2009-10-08 Thread Rod Taylor
 Yeah.  I think it's going to be hard to make this work without having
 standalone transactions.  One idea would be to start a subtransaction,
 insert tuples until one fails, then rollback the subtransaction and
 start a new one, and continue on until the error limit is reached.


I've found performance is reasonable, for data with low numbers of errors
(say 1 per 100,000 records or less) doing the following:

SAVEPOINT bulk;
Insert 1000 records using COPY.

If there is an error, rollback to bulk, and step through each line
individually within its own individual subtransaction. All good lines are
kept and bad lines are logged; client side control makes logging trivial.

The next set of 1000 records is done in bulk again.

1000 records per savepoint seems to be a good point for my data without too
much time lost to overhead or too many records to retry due to a failing
record. Of course, it is controlled by the client side rather than server
side so reporting back broken records is trivial.

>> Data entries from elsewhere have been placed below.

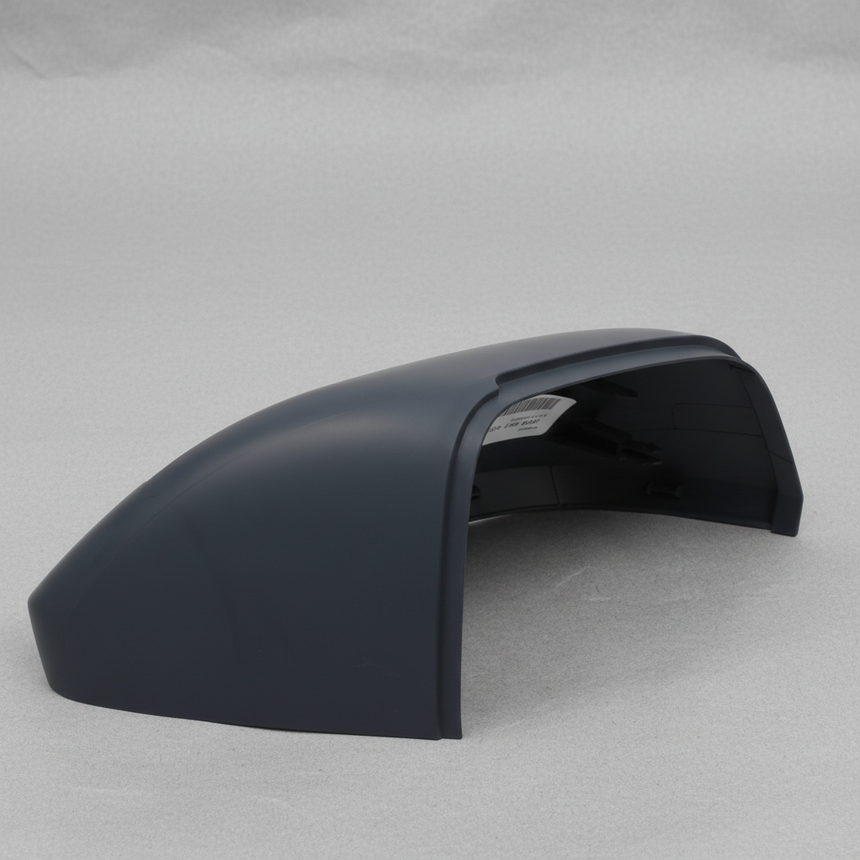 2018-2025 Volkswagen Atlas Atlas Cross Sport Passenger Sideview Mirror Cover Unpainted OEM - Top Detail Angle 2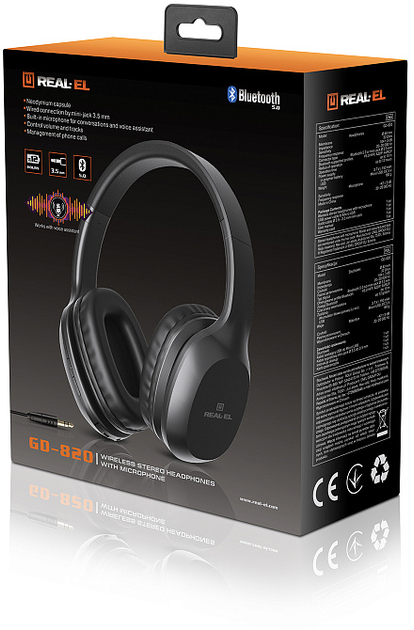 Słuchawki Real-El GD-820 Black (EL124100051) - obraz 11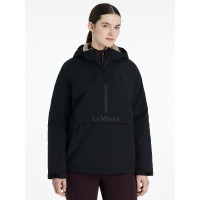 Anorak imperméable LeMieux demi-zippé Phoebe femme Noir Anorak imperméable LeMieux demi-zippé Phoebe femme Noir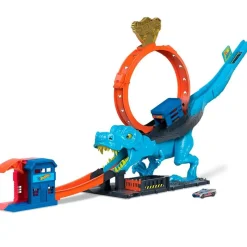 MATTEL Hot Wheels Pista Desafío del T-Rex- Vehículos, Trenes Y Parkings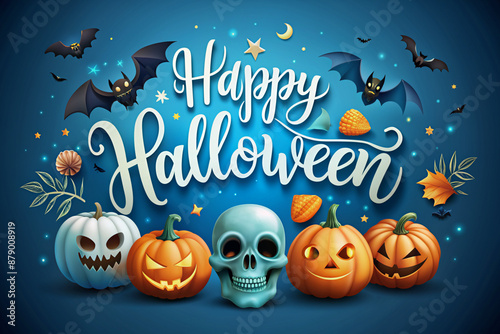 halloween background with pumpkin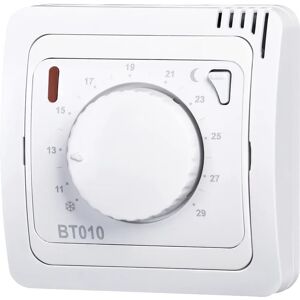 kaiserkraft Termostato ambiente por radio BT010, transmisor con control de rueda giratoria, para 1 receptor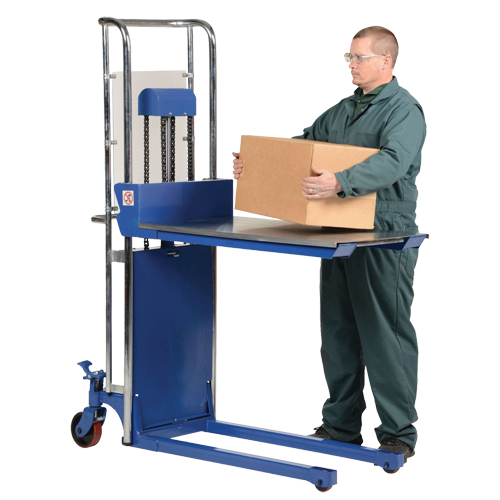 Hefti-Lift Load Stacker, Foot Pump Operated, 300 lbs. Capacity, 59" Max Lift Nia-Chem Ltd.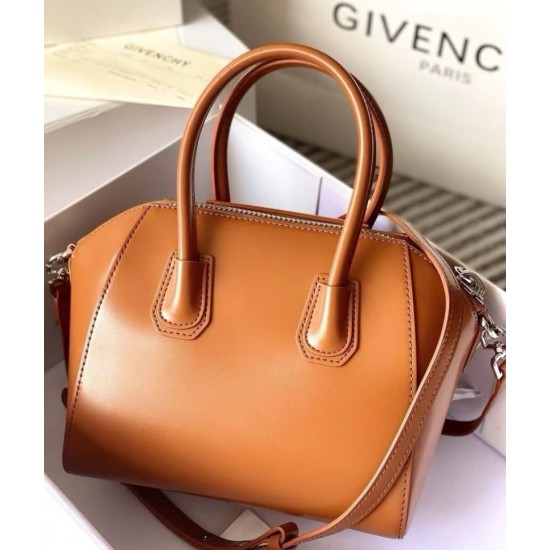 Special Grade Replica Givenchy Antigona Mini Brown Leather Tote Bag Clone Sale
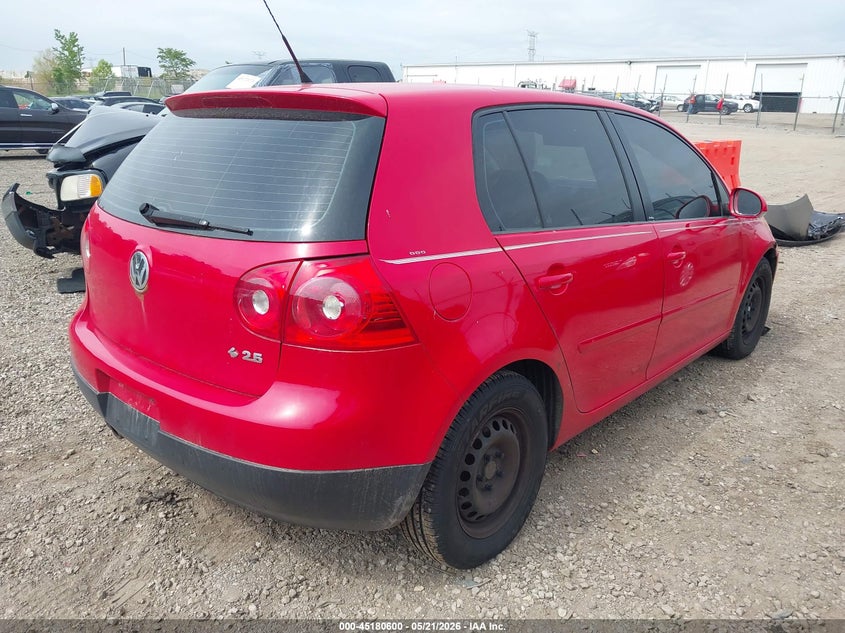 2007 Volkswagen Golf VIN WVWDR71K57W173455 IAAI salvage auction — FRONT END, Salvage (Illinois), sold $325 on 2026-07-15 (photo 4)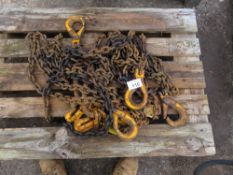 HEAVY DUTY SET OF LIFTING CHAINS. THIS LOT IS SOLD UNDER THE AUCTIONEERS MARGIN SCHEME, THEREFORE NO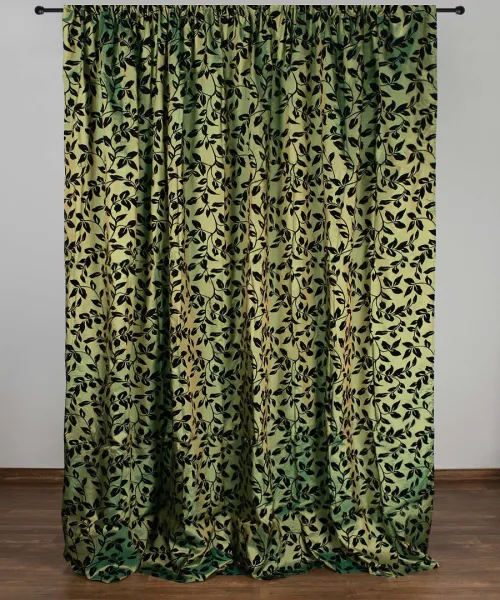 Κουρτίνα 081 (300cm x 275cm) με τρέσα λαχανί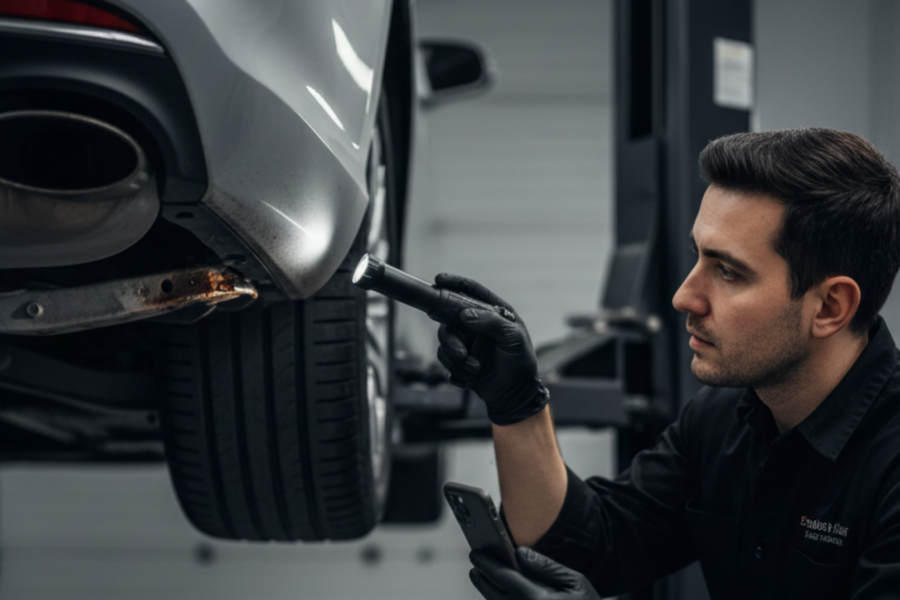 A blog banner image showing Problems Found While Detailing
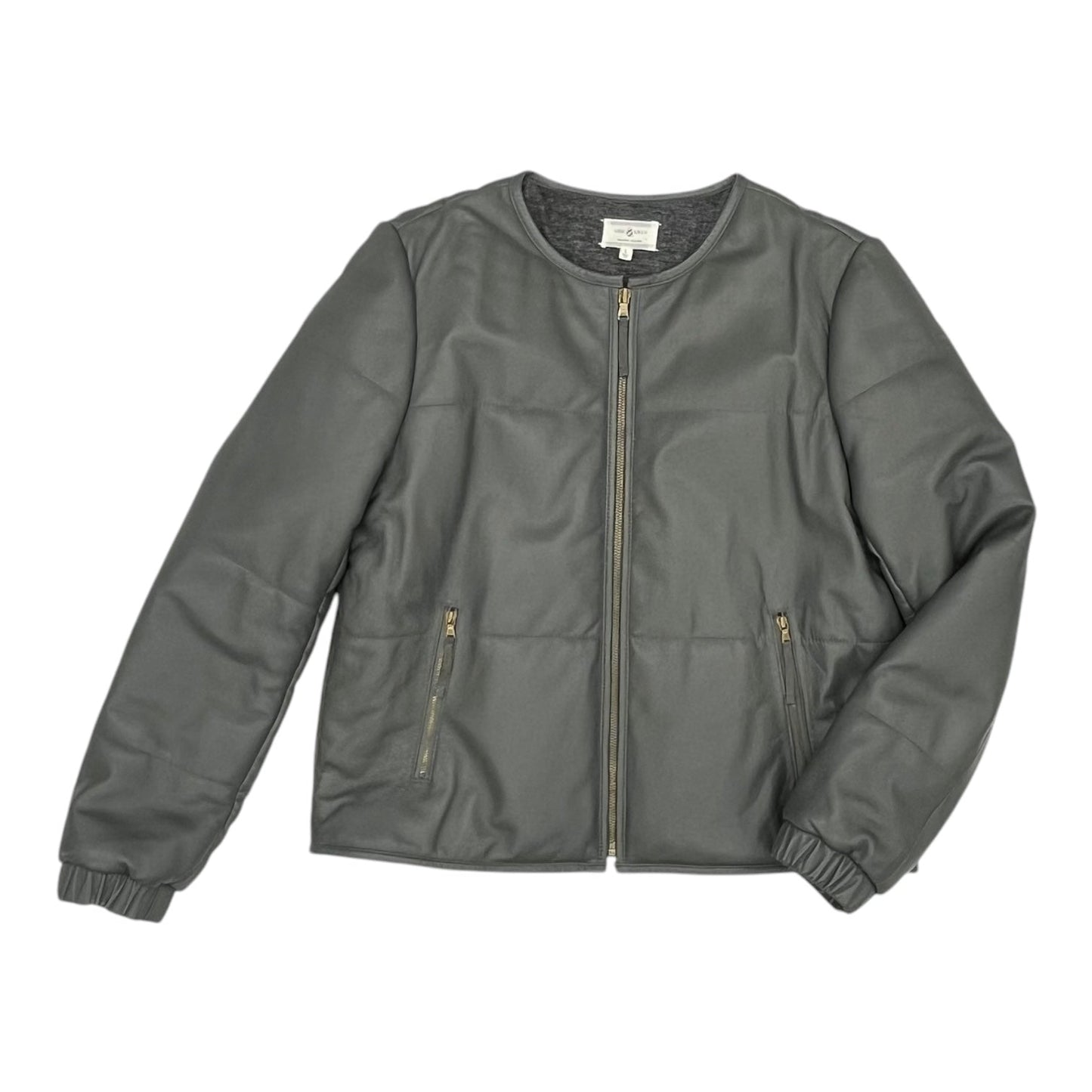 Jacket Leather By Lou And Grey In Grey, Size:L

It may be possible to boost performance by:

1) Having copy remember which specific line caused the error. So it can
replace lines 1 through 487 in a subtransaction since it knows those are
successful. Run 488 in its on subtransaction. Run 489 through ... in a new
subtransaction.
2) Increasing the number of records per subtransaction if data is clean. It
wouldn't take long until you were inserting millions of records per
subtransaction for a large data set. This should make the subtransaction
overhead minimal. Small imports would still run slower but very large
imports of clean data should be essentially the same speed in the end.


Re: [HACKERS] COPY enhancements

2009-10-08 Thread Tom Lane
Robert Haas robertmh...@gmail.com writes:
 On Thu, Oct 8, 2009 at 11:50 AM, Tom Lane t...@sss.pgh.pa.us wrote:
 I wonder whether we could break down COPY into sub-sub
 transactions to work around that...

 How would that work?  Don't you still need to increment the command counter?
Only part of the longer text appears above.